22rd Governor of Spanish Coahuila
- In office 1757–1759
- Preceded by: Miguel de Sesman y Escudero
- Succeeded by: Jacinto de Barrios y Jáuregui

22rd Governor of the Spanish Colony of Texas
- In office February 6, 1759 – 1766
- Preceded by: Jacinto de Barrios y Jáuregui
- Succeeded by: Hugo Oconór

Personal details
- Born: 1716
- Died: Unknown

= Ángel de Martos y Navarrete =

Ángel de Martos y Navarrete was governor of the Spanish provinces of Coahuila (1757–1759) and Texas (1759–1766). His administration in Texas was characterised by a high degree of corruption, which led him to undergo trials and various sanctions (a high fine and his exclusion from any future public office).

== Early years ==
Navarrete grew up in a family with a military tradition, which may have favoured his incorporation into the Armada Real (Royal Navy) in 1731. He held the rank of Marine Guard of the navy. In the 1730s he participated in the military campaigns of Italy and Algeria and was promoted to lieutenant. So, he was a naval lieutenant.

== Administration of Texas ==
He was appointed governor of Texas on August 21, 1756. At that time, the previous governor, Jacinto de Barrios y Jáuregui, was still busy building the Presidio of San Agustín de Ahumada, on the lower Trinity River. Therefore, Navarrete could only begin his administration in the province on February 6, 1759. During the intervening period he governed Coahuila (in present-day Mexico), for whose government Jáuregui had just been appointed.

Shortly after beginning his rule in Texas, in October 1759, Navarrete found that various Amerindian tribes were attacking the Spanish settlements in Texas. To stop these, Navarrete sent troops from various presidios (Coahuila, San Luis Potosí, Nuevo Santander, Charcas and Nuevo León, as well as those from San Antonio and of the Apache lands) against the rebel tribes, although he did not manage to defeat them until 1760. In addition, Navarrete wanted to "modify" various missions of Texas, but the friars rejected such an idea.

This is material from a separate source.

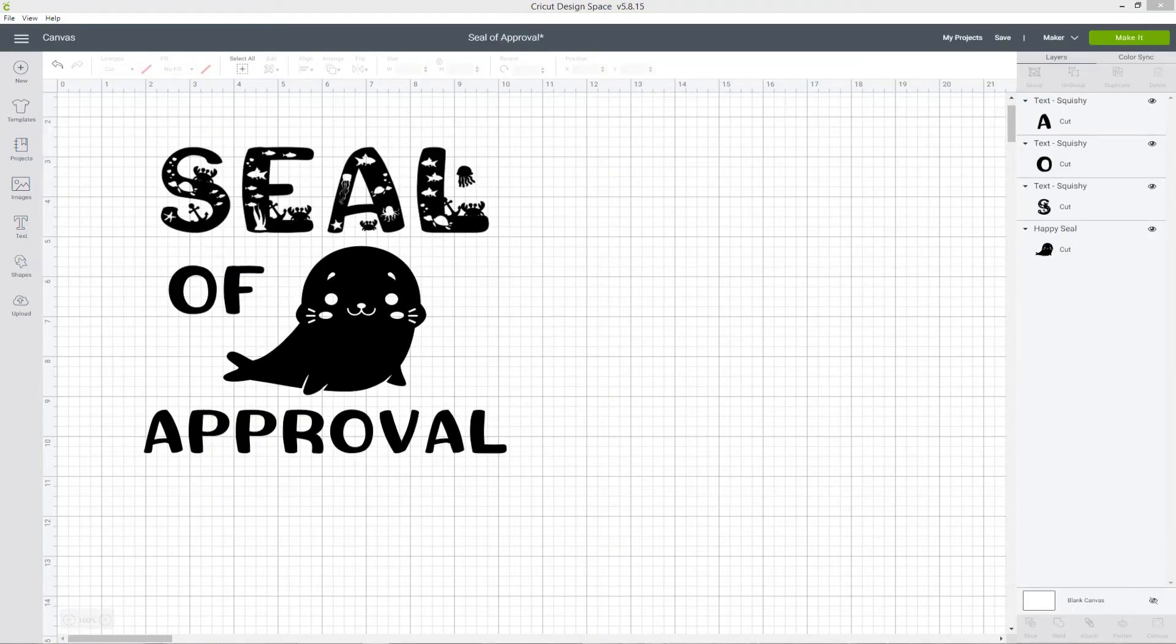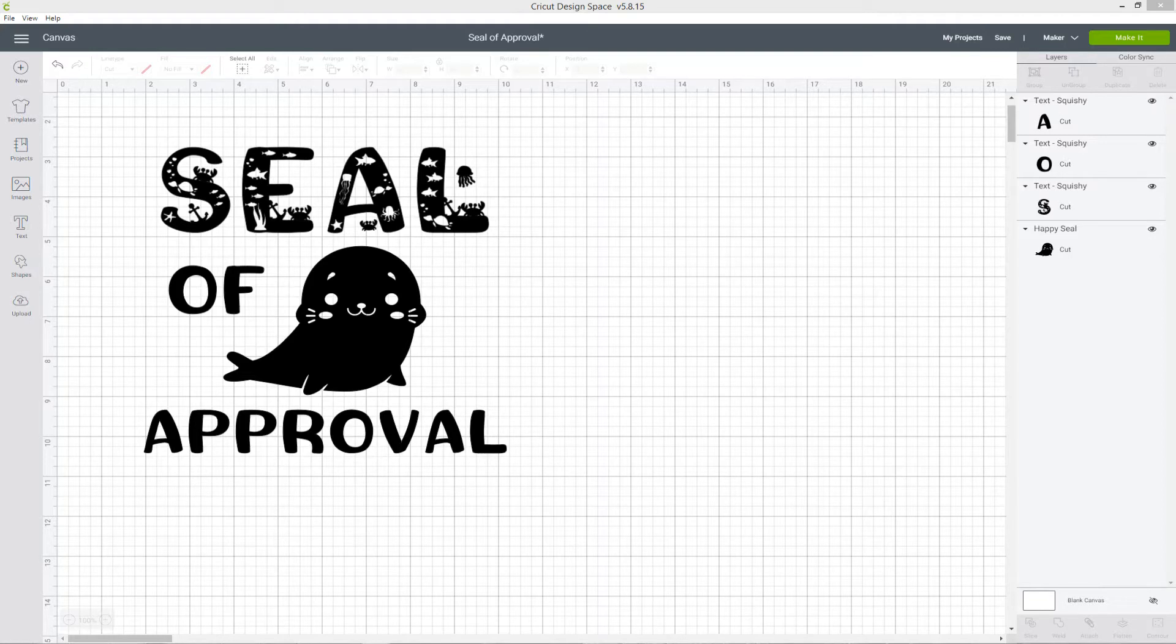I've got this design here I've been working on and overall I think it's looking pretty good, but I think it could be improved by curving the word approval around the bottom of the seal. Luckily, Cricut Design Space makes it really easy for us to curve text.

The Navarrete government was permeated by a high level of corruption. Navarrete obtained the supplies, on which the presidios of Texas depended, from the French possession of Natchitoches. He bought the goods to the soldiers in the foreign presidio, sold them to the soldiers of the presidios of Texas and got important commissions. This provided him with a considerable amount of capital, which reached 1,000%. In addition to all this, Navarrete paid little attention to the garrison of Los Adaes, whose equipment had been damaged, and had managed to get the Native Americans of Los Adaes, where he lived, to work for him. Added to all this is the fact that, despite being captain of the San Antonio presidio, which was the main presidio in Texas, he had his residence, as already mentioned, in Los Adaes.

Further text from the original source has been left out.